_Provided records_:
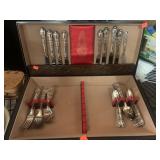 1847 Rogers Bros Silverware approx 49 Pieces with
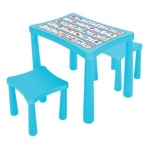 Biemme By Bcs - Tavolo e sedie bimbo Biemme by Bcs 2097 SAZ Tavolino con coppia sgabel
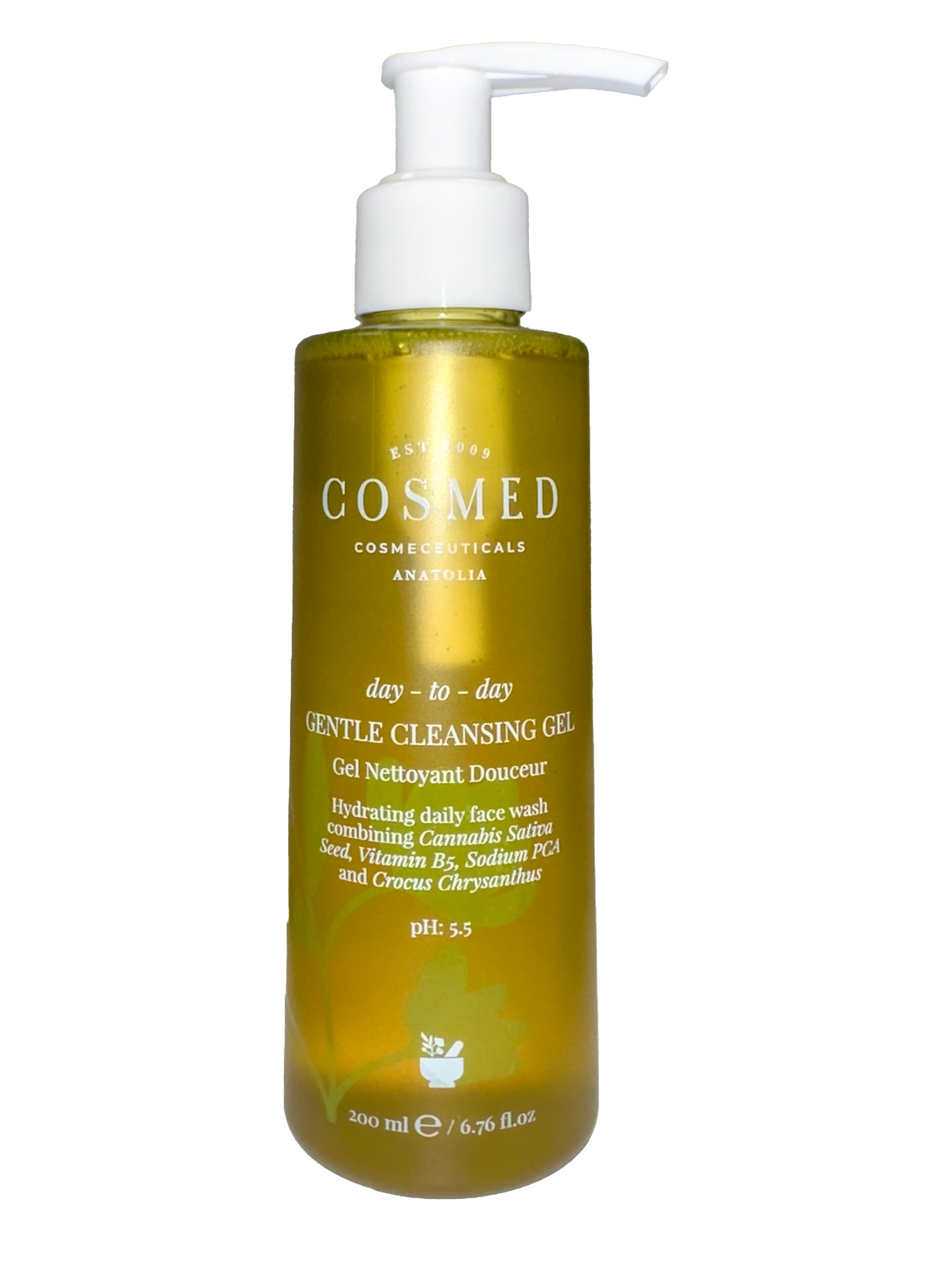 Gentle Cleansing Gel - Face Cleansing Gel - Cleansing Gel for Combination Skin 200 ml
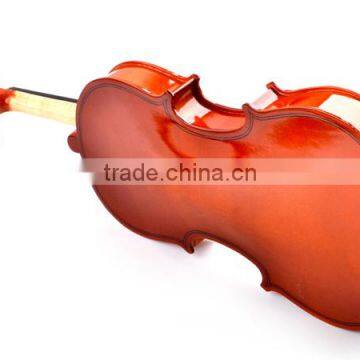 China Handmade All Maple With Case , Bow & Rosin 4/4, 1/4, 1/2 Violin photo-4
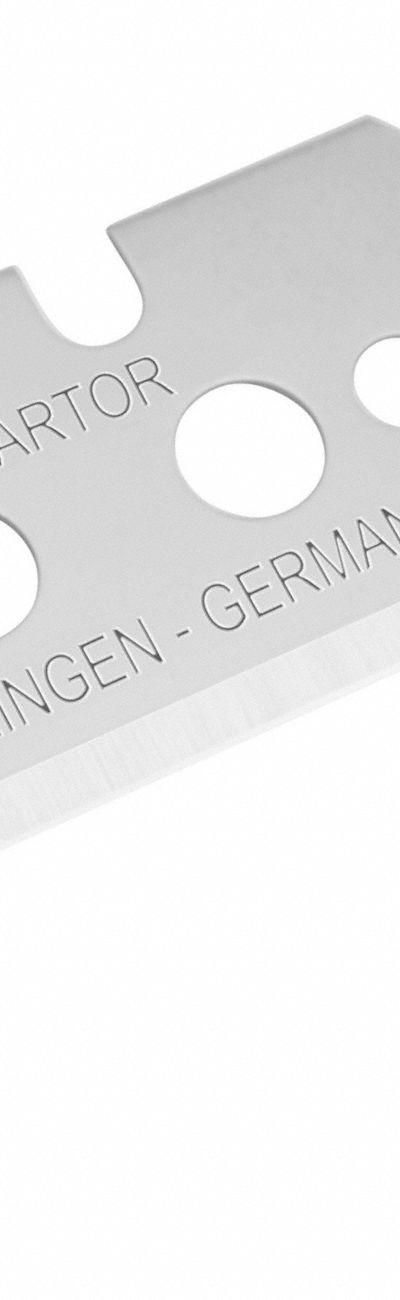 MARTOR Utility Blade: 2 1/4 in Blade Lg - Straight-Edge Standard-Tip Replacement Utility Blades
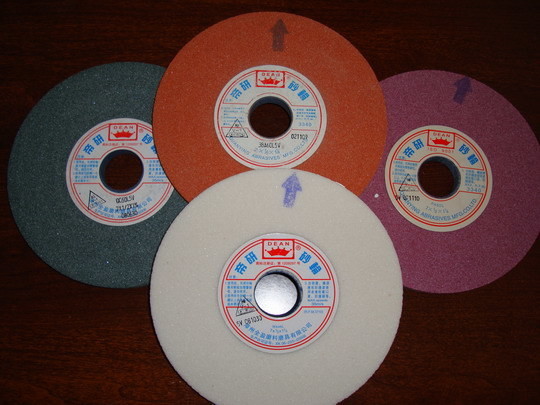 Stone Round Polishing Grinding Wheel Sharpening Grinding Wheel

_The task_:
Every line from the one with "Gentle Cleansing Gel" through the last line of the material gets printed exactly, and nothing more. Omit the pictures.

_Expected answer_:
 Gentle Cleansing Gel - Face Cleansing Gel - Cleansing Gel for Combination Skin 200 ml
 China Handmade All Maple With Case , Bow & Rosin 4/4, 1/4, 1/2 Violin photo-4
 MARTOR Utility Blade: 2 1/4 in Blade Lg - Straight-Edge Standard-Tip Replacement Utility Blades
 Stone Round Polishing Grinding Wheel Sharpening Grinding Wheel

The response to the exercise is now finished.